YOUR INSTRUCTIONS ::
Collect each line of the entries that holds the string "ready".

Collected data entries

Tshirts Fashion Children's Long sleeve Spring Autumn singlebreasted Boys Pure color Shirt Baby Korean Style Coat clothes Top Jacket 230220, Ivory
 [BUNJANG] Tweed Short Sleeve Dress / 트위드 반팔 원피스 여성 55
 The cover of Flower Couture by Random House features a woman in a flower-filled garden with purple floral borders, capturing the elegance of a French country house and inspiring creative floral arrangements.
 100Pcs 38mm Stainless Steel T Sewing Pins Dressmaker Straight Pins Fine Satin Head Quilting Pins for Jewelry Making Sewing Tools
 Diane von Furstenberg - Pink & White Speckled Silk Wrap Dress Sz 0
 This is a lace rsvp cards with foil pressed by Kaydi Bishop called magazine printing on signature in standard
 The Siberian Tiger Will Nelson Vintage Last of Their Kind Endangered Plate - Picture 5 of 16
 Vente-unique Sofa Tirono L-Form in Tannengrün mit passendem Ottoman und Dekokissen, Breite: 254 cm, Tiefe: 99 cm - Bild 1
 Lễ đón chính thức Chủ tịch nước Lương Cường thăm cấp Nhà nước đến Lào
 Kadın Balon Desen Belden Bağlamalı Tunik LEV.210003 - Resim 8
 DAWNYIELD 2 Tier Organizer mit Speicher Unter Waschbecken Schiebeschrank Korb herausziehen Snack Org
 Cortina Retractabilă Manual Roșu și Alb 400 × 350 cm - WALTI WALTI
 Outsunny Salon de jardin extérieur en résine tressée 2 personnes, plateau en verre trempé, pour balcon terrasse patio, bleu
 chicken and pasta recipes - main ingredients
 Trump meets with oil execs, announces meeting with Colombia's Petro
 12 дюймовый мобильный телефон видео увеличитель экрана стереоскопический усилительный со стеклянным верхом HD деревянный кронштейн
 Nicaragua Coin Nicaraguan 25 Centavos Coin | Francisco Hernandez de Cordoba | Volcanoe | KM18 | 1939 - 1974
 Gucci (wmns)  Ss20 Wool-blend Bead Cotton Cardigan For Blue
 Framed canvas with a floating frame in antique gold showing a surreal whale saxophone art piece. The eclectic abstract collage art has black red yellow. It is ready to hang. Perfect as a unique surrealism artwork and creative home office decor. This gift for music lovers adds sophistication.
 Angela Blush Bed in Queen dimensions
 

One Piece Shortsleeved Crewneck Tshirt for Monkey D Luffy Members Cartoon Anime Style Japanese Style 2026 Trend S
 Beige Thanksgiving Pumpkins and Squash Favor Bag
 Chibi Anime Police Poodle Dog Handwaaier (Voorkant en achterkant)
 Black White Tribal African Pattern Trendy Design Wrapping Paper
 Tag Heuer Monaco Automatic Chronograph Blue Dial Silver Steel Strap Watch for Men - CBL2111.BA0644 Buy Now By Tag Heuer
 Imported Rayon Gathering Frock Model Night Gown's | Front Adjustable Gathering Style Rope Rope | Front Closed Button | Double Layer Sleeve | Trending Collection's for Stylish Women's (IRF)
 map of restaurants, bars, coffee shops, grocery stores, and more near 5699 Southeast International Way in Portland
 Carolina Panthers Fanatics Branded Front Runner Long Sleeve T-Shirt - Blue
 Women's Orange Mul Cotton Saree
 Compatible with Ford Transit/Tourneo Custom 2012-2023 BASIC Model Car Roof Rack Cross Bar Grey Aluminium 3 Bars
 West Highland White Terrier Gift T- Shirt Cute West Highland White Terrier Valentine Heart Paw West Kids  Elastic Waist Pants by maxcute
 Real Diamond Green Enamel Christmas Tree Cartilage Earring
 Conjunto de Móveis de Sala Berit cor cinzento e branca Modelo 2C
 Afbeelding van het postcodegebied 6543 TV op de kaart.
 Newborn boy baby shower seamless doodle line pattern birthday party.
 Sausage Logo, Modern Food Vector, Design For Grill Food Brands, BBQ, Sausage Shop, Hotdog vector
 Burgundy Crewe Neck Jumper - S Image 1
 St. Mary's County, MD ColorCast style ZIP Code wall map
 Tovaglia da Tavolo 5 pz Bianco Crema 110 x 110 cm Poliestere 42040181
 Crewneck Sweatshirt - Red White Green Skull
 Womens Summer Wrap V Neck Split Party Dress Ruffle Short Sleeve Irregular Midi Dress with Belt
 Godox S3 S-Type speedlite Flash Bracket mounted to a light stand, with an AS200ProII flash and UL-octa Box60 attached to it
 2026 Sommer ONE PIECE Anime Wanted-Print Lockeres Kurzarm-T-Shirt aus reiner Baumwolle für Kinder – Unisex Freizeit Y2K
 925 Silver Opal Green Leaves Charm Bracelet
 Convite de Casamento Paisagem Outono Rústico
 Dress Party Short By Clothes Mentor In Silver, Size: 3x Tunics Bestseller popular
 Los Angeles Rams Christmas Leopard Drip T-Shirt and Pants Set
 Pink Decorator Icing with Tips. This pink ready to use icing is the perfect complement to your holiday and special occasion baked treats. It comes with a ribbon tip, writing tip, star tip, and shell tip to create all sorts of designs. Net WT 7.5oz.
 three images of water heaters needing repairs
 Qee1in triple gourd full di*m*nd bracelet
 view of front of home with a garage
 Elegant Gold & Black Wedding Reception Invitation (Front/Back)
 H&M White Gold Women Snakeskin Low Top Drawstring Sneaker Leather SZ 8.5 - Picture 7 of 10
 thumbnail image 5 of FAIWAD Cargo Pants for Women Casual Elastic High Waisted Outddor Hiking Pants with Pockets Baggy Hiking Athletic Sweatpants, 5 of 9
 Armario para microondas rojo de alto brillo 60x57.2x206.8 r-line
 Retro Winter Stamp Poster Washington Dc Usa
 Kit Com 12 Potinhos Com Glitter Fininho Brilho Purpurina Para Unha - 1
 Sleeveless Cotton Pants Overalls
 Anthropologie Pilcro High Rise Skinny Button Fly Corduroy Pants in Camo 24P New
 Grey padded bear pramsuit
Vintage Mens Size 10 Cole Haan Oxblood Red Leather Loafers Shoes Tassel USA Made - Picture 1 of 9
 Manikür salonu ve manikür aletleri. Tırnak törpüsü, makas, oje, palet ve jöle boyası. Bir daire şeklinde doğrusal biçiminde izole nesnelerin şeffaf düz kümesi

YOUR SOLUTION ::
 Framed canvas with a floating frame in antique gold showing a surreal whale saxophone art piece. The eclectic abstract collage art has black red yellow. It is ready to hang. Perfect as a unique surrealism artwork and creative home office decor. This gift for music lovers adds sophistication.
 Pink Decorator Icing with Tips. This pink ready to use icing is the perfect complement to your holiday and special occasion baked treats. It comes with a ribbon tip, writing tip, star tip, and shell tip to create all sorts of designs. Net WT 7.5oz.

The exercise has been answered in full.